- _Your task_: Scan the material below for the string "Cable", and copy every line where it shows up.

- _Source information_:
Content starts
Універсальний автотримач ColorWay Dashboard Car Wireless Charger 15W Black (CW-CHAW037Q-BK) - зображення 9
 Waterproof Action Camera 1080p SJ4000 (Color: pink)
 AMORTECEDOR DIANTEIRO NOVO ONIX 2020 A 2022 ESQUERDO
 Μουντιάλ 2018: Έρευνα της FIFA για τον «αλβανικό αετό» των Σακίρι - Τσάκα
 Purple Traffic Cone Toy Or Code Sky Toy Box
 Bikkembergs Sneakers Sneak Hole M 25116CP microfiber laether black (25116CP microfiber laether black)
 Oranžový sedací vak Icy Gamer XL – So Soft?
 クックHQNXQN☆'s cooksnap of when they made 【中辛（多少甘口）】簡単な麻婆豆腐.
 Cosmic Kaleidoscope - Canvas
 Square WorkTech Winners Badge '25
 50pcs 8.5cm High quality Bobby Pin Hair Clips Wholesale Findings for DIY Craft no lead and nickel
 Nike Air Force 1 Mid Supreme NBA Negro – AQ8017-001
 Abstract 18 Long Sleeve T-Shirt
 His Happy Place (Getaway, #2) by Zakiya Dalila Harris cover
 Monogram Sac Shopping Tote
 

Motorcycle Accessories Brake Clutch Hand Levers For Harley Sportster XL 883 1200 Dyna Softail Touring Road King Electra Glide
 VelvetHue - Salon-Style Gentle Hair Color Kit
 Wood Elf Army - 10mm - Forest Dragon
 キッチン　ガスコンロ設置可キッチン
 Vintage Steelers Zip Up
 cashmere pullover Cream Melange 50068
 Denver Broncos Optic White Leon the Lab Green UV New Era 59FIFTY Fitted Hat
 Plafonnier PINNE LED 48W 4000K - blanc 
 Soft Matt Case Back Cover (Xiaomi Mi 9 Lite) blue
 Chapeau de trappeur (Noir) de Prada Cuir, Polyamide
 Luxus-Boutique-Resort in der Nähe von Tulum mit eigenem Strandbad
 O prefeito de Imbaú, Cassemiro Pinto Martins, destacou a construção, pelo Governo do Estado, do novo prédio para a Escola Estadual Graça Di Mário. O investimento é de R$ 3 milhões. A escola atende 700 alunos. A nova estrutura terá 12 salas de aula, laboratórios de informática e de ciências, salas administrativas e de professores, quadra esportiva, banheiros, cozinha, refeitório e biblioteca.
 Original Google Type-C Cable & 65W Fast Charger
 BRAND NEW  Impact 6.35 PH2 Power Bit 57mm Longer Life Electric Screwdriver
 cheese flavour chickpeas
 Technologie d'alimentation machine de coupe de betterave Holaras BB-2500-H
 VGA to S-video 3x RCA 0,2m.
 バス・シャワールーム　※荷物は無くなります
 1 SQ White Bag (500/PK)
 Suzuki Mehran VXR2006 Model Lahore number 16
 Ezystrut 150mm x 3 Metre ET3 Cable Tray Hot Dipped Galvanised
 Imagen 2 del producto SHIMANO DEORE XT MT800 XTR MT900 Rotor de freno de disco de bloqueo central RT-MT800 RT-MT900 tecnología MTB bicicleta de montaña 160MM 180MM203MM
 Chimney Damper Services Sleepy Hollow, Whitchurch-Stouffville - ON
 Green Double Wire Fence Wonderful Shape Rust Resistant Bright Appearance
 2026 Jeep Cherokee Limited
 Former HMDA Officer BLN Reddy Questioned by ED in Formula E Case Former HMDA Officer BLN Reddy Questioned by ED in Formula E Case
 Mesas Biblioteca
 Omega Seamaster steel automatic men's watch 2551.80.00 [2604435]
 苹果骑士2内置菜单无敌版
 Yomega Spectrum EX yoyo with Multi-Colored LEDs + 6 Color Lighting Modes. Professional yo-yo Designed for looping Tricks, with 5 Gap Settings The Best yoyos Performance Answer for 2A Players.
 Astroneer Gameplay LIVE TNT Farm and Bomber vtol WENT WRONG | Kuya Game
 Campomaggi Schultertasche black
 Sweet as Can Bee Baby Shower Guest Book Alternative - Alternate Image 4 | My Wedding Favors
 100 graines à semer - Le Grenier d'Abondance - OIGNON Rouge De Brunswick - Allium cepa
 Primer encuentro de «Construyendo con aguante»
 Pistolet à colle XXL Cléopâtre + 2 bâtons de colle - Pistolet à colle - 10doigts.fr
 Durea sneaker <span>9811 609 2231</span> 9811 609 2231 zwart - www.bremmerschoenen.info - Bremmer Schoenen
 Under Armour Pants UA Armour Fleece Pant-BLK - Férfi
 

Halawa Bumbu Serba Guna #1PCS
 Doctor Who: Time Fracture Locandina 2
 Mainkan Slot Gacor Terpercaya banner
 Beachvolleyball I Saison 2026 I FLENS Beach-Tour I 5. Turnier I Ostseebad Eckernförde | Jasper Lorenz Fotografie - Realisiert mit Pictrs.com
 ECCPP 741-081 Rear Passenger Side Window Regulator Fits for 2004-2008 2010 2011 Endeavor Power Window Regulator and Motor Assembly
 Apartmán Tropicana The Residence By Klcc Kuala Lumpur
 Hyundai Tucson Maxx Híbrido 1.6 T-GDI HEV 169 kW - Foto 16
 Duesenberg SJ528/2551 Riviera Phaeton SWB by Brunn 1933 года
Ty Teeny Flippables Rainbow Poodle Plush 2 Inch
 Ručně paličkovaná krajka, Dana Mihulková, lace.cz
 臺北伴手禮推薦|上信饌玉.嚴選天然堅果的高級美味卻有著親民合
Content ends
- _Result_:
 Original Google Type-C Cable & 65W Fast Charger
 Ezystrut 150mm x 3 Metre ET3 Cable Tray Hot Dipped Galvanised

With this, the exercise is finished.